We may be rethinking the engagement.

I was surprised to find out that a large number of people detest the feel of cotton balls, of velvet, and of wet paper (pah, you guys are wimps! I can't believe---no, I didn't mean it! Get away from me with that wooden spoon!) but my favorite comment had to come from Jane, who shared that her what her mother simply cannot stand is the sound of someone cutting paper......ON TELEVISION. It's totally fine, apparently, for someone to be cutting paper live and in person, right next to Jane's mother in the same room, but if they're cutting paper on television? That is Jane's mother's Thing.

This made me very curious about how Jane's mother would feel about a YouTube video of someone cutting paper. Or if I would get the same reaction if I Skyped her and then cut some paper so she saw (and heard) me cutting it on the webcam. Not that I'm going to do this, of course, because if I did try and test the theories behind Jane's mother's Thing, Jane's mother would probably overnight me a box of a hundred wooden spoons in retaliation and get Sean to hide them around the apartment. But still.

(By the way, I never even told you about my other Thing, which is very, very big objects being next to very, very small objects, so that the balance is way off. Like a canteloupe next to a pea? Freaks me out. I cannot deal with it. The worst manifestation of this, however, is when I inadvertently see those Salvador Dali pictures where the elephants have really, really skinny legs. Even just googling this to show you what I'm talking about had me breathing into a paper bag. Which, incidentally, is how I read most of the comments on the last post, as you all went into such detail about your Things. I was cringing and shivering with almost every one.)

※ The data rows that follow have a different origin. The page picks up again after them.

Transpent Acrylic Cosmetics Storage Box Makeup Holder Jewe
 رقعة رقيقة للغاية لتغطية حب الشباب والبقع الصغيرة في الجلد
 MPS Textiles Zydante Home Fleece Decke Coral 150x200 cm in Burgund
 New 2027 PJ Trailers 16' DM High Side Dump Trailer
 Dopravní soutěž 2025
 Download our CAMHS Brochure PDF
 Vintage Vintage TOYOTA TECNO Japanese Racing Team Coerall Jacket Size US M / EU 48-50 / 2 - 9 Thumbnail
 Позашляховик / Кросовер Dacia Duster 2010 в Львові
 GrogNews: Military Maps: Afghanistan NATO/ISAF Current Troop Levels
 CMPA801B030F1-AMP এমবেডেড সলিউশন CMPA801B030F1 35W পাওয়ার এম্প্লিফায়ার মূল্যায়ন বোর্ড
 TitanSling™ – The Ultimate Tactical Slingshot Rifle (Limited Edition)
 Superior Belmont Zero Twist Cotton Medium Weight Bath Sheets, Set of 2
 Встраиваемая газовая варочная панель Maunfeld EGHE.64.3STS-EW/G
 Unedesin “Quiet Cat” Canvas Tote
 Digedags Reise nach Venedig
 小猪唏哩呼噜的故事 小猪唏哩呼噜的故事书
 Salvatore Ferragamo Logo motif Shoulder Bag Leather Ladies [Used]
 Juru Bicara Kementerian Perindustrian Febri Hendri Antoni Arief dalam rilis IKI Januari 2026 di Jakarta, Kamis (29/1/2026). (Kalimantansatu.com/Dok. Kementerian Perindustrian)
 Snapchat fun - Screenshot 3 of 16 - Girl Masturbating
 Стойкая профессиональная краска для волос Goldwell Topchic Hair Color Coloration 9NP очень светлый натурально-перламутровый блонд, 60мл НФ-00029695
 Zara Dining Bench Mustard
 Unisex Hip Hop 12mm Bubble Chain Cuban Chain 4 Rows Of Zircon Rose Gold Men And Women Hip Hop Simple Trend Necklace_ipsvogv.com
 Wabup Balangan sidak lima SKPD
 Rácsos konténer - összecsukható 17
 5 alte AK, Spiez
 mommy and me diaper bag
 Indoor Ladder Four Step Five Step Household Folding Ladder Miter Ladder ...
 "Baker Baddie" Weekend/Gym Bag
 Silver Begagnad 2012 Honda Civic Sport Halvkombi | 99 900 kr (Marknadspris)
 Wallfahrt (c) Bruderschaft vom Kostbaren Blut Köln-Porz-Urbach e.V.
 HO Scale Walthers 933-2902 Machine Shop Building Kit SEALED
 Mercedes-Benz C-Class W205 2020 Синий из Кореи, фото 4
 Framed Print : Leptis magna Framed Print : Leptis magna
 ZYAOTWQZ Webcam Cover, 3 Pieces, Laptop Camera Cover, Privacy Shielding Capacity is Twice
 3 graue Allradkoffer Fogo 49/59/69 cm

Onto more pleasant topics (please? can we?), Sean and I are heading down to San Diego tomorrow morning and while in most other parts of the country, "the weather" would undoubtedly be at the top of the list of Reasons A Weekend In San Diego Is Awesome Right Now, San Francisco has been experiencing its own little January heat wave for the past few days, with temperatures of 71-ish in the day. Ergo, I am not quite so desperate to head south and don flip-flops as I might have been otherwise, but what I am excited about is that we're finally flying Virgin America.

My god, have I heard a lot about Virgin America: how it's amazing and life-changing and how there is MOOD LIGHTING in the cabin, which, you know, is not normally included in my criteria for Having A Pleasant Flight, but which I'm sure can't hurt. What I have also heard, however, is that you will get a free (alcoholic) drink if you wear red on the flight, and this is a theory I'm looking forward to testing way more than whether a YouTube video of someone cutting paper is the same as someone cutting paper on TV.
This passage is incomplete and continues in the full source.